Market & Competition
According to a 2021 market research report by Absolute Reports, the global market for cancer gene therapy was an estimated $558 million in 2019 and is expected to exceed $16.5 billion by 2030.
This represents a forecast CAGR (Compound Annual Growth Rate) of 32.6% from 2020 to 2030.
Key elements driving this expected growth are high success rate during trial activities including potentially lower side effects and faster recovery times.
Major competitive vendors that provide or are developing related treatments include:
Frontier Biosciences
Arvinas (ARVN)
Scorpion Therapeutics
Nurix Therapeutics (NRIX)
C4 Therapeutics (CCCC)
Kymera Therapeutics (KYMR)
Relay Therapeutics (RLAY)
Financial Status
Vividion’s recent financial results are atypical of a preclinical biopharma in that they feature significant collaboration revenue recognition due to its relationship with Bristol Myers Squibb (BMY).

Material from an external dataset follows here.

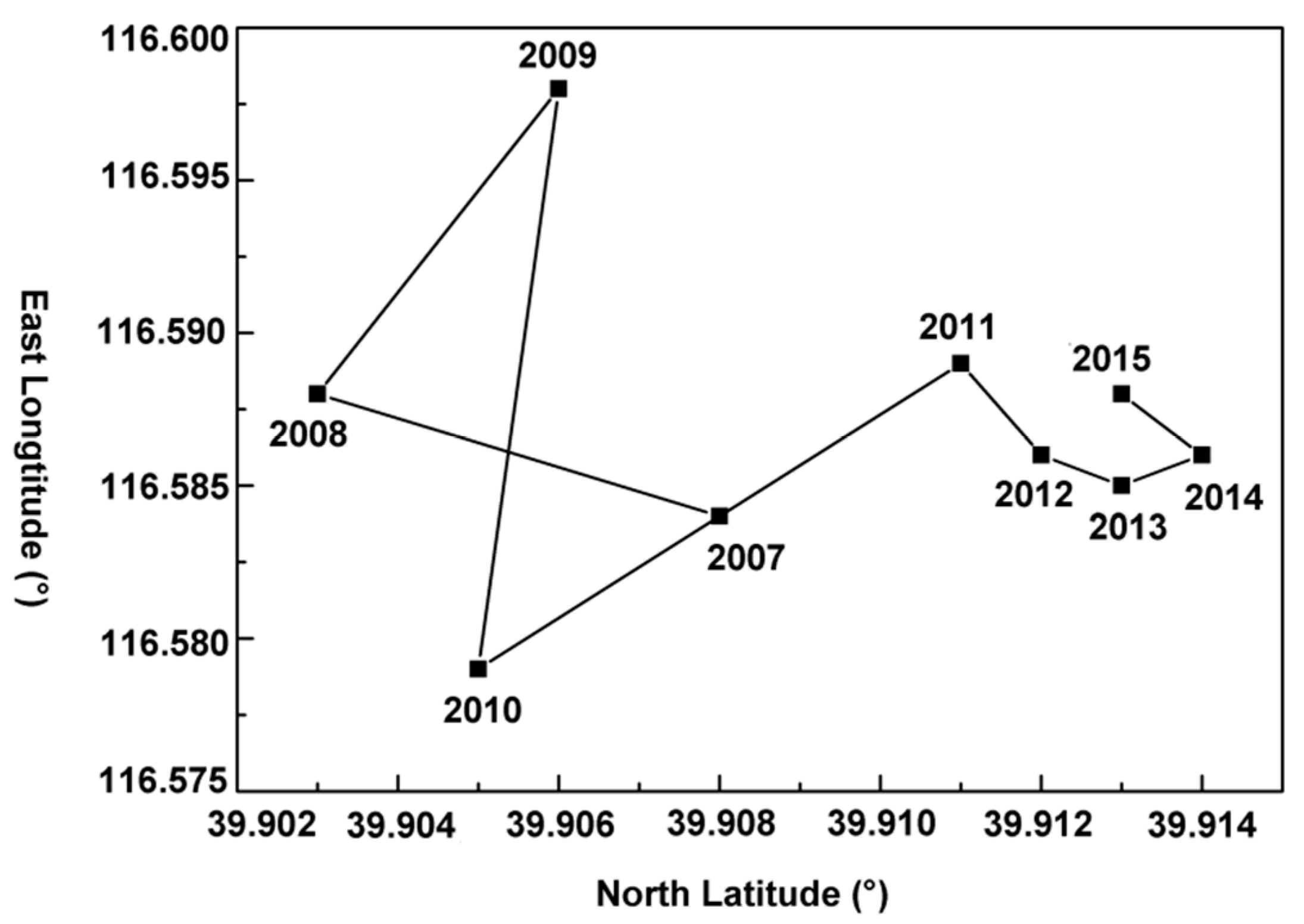 Remotesensing 11 00539 g005 Remotesensing 11 00539 g005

Below are the company’s financial results for the past two and 1/4 years:
(Source)
As of March 31, 2021, the company had $172 million in cash and $158 million in total liabilities.
IPO Details
Vividion intends to raise $100 million in gross proceeds from an IPO of its common stock, although the final figure may vary.
No existing shareholders have indicated an interest to purchase shares at the IPO price, although this element may become a feature of the IPO if disclosed in a future filing.
Management says it will use the net proceeds from the IPO as follows:
to advance our deep and diversified pipeline of highly selective small molecule therapeutics in oncology and immunology;
to fund our proprietary chemoproteomic platform technology and expand our custom-built library of chemical scaffolds and CRGs; and
the remaining proceeds for working capital and general corporate purposes, which may include hiring additional personnel to build organizational talent, capital expenditures and the costs of operating as a public company.
(Source)
Management’s presentation of the company roadshow is not available.
Listed bookrunners of the IPO are J.P. Morgan, BofA Securities, and Jefferies.
Commentary
Vividion is seeking public capital market investment to continue its discovery and pre-IND efforts.
The firm’s lead candidates are still in selection phase for various cancer and immune system disorders.
The market opportunities for genetic treatments of cancers are expected to grow at a very high rate of growth as the regulatory bodies become more familiar and comfortable with genetic treatment options.
The company has strong collaboration deals with Bristol Myers Squibb and Roche (OTCQX:RHHBY), which are significant positives in its favor.
The company’s investor syndicate includes widely recognized institutional life science venture capital firms.
J.P. Morgan is the lead left underwriter and IPOs led by the firm over the last 12-month period have generated an average return of 22.6% since their IPO. This is a mid-tier performance for all major underwriters during the period.
VVID is a fairly unique ultra-early-stage biopharma with impressive collaborations and a very strong investor syndicate.
When we learn more about the IPO, I’ll provide a final opinion.
Expected IPO Pricing Date: To be announced.